# What to work on:
Starting with the line below that holds "Side view photo" and stopping after the line that holds "Indiana quarterback Fernando", transcribe the lines exactly, leaving out all pictures.

-- Opening Marker --

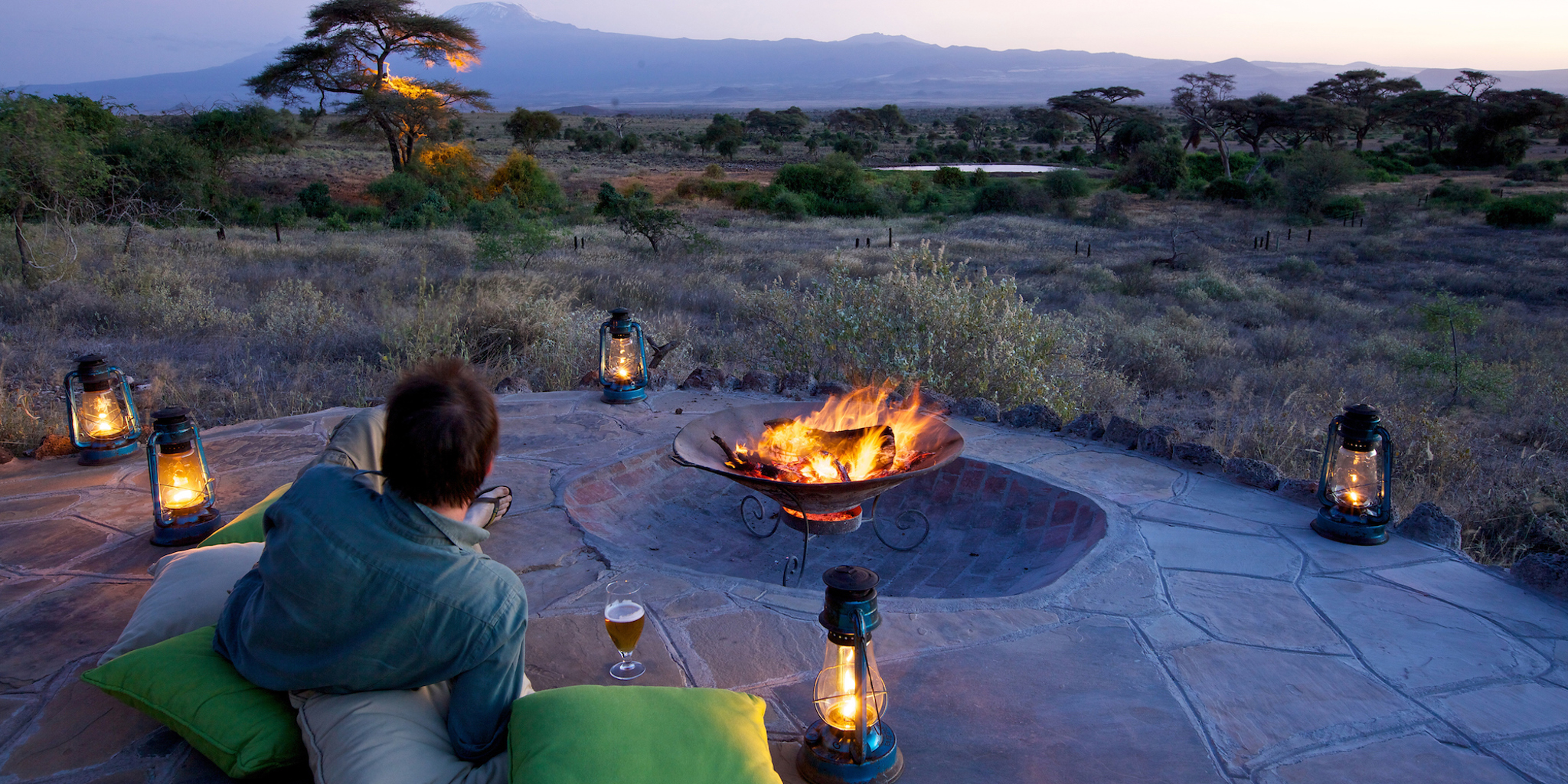 tortilis camp camp fire kenya yellow zebra safaris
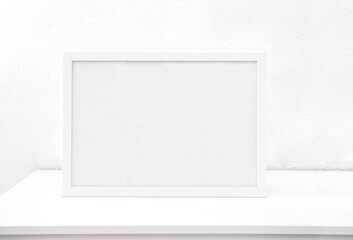 Horisontal White frame mockup  on a white table against white  wall. Empty poster frame mockup for design. Copy space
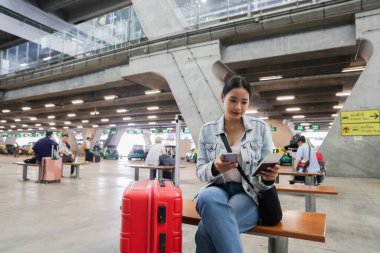 Elinde bavuluyla oturan Asyalı kadın, uluslararası havaalanındaki bir terminalde pasaport ve uçak biletleri gibi belgelerin geçerliliğini kontrol ediyor..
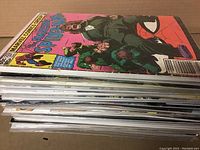 Side view photo showing the stacked comics in bags and boards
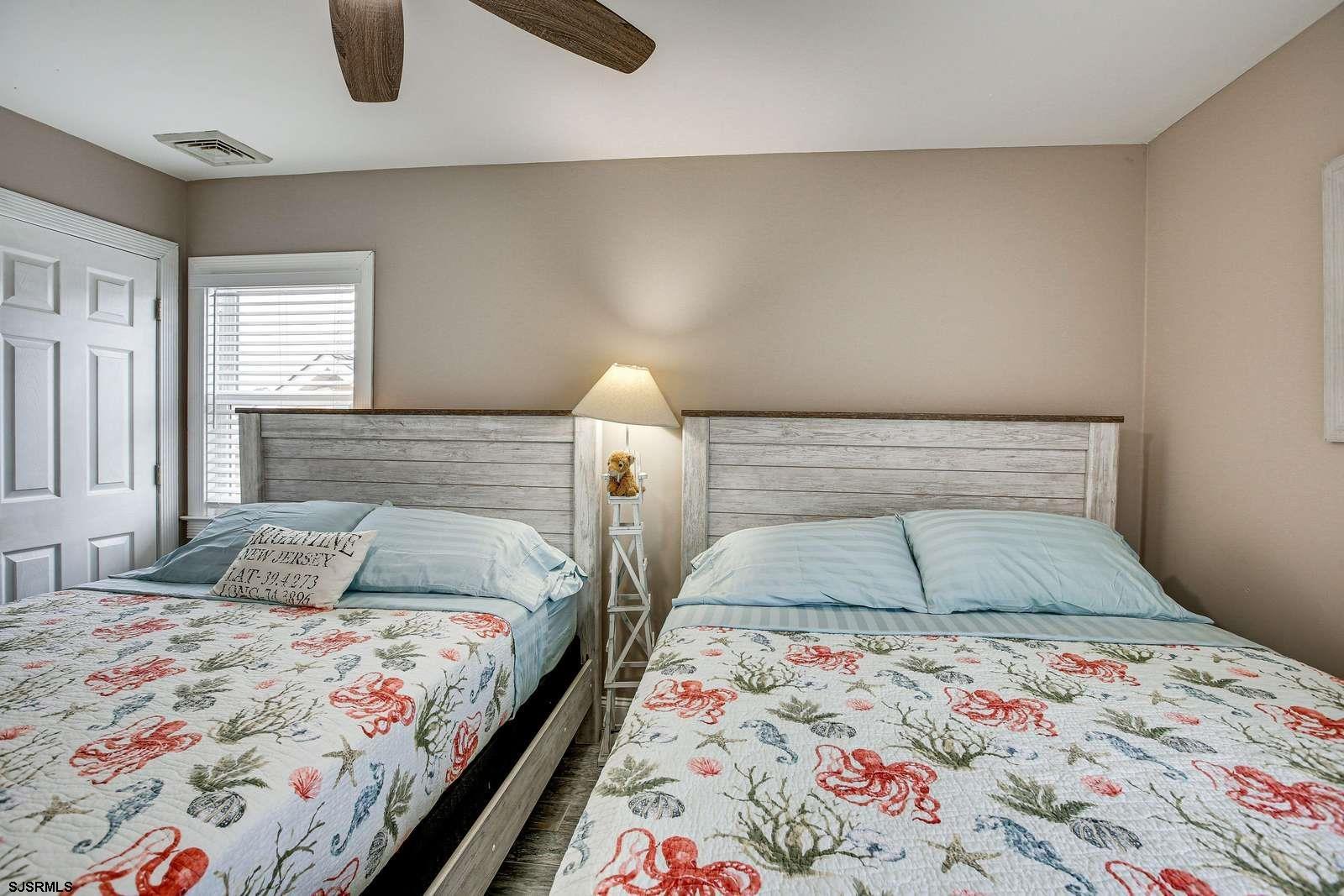 210 34th Street South, Unit 2 Brigantine, NJ 08203 - Photo 16 of 32 a bedroom with a bed and a lamp on dresser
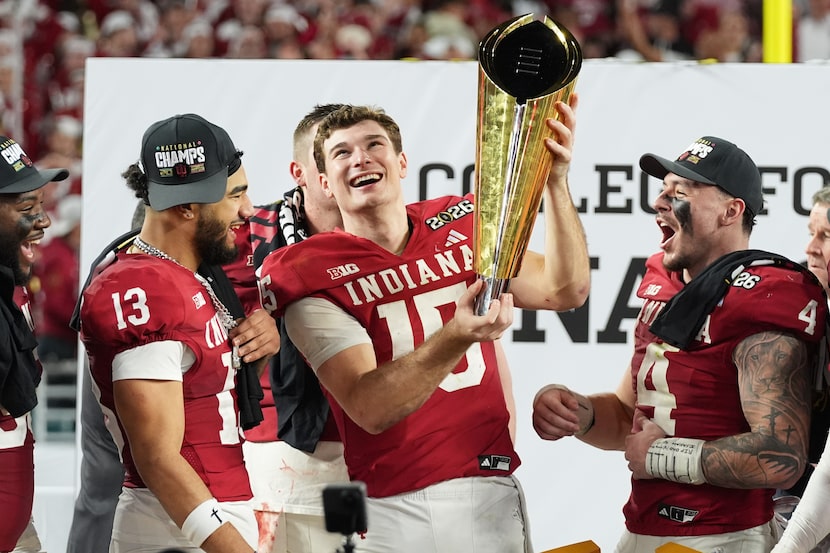 Indiana quarterback Fernando Mendoza (15) holds the trophy after Indiana defeated Miami in a...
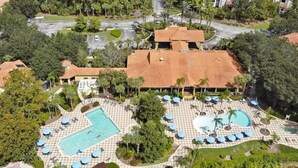 Eine Luftaufnahme eines Resorts mit mehreren Schwimmbecken, Liegebereichen und üppiger Bepflanzung.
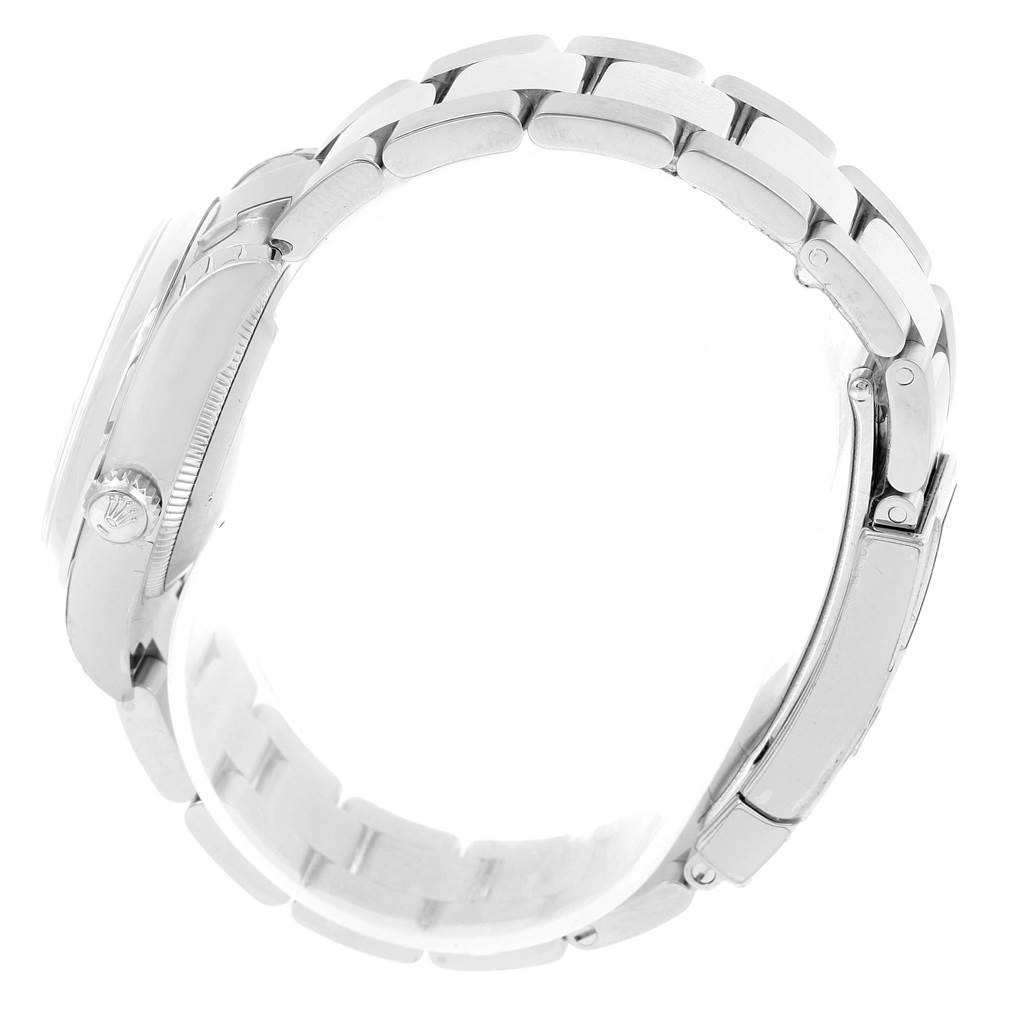 The image shows a side view of a Mid-Size Rolex watch, highlighting the crown, case, and part of the bracelet.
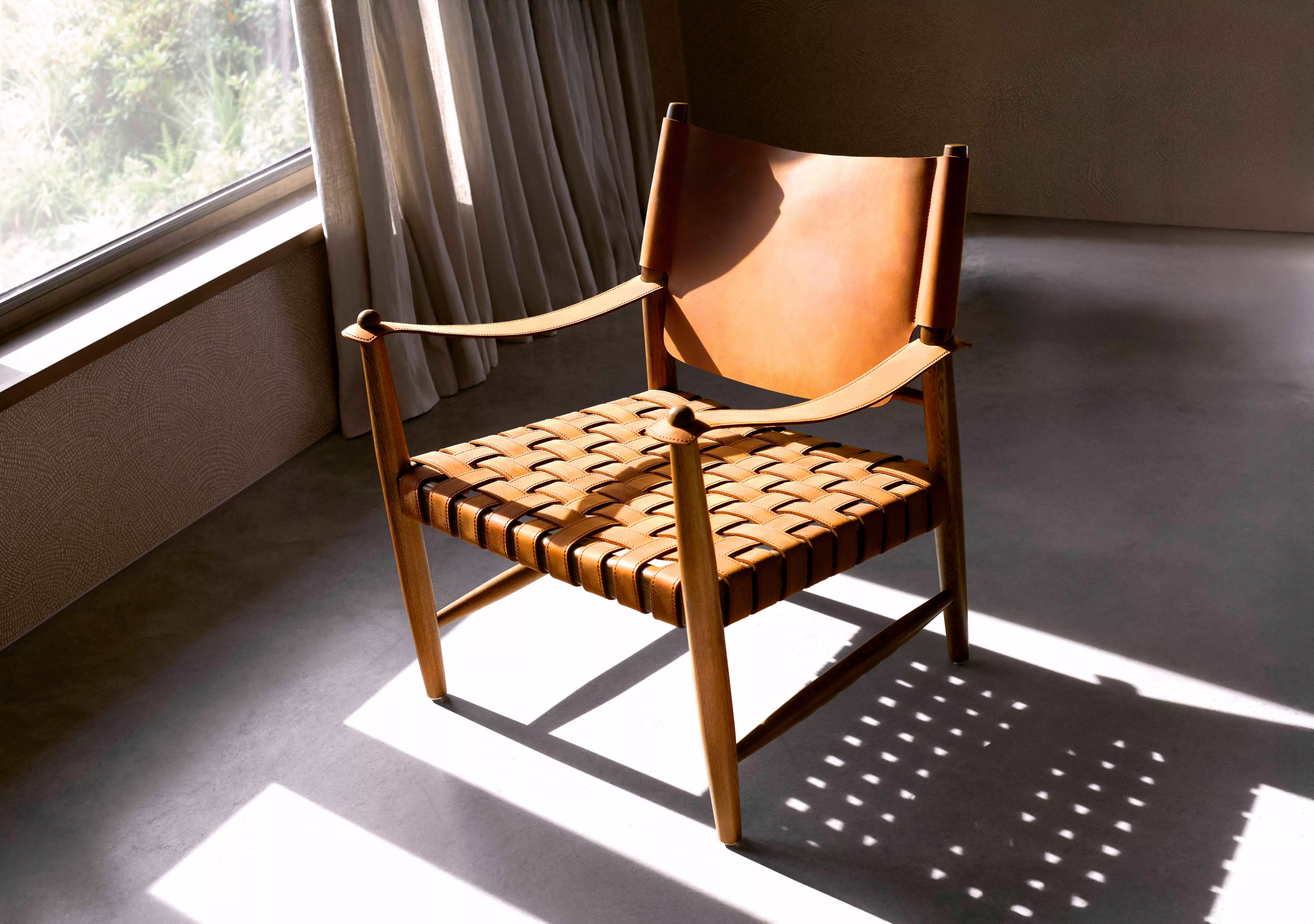Stylish wooden chair with woven leather seat and backrest, bathed in sunlight near a window with curtains.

-- Closing Marker --

# Expected output:
 Side view photo showing the stacked comics in bags and boards
 210 34th Street South, Unit 2 Brigantine, NJ 08203 - Photo 16 of 32 a bedroom with a bed and a lamp on dresser
 Indiana quarterback Fernando Mendoza (15) holds the trophy after Indiana defeated Miami in a...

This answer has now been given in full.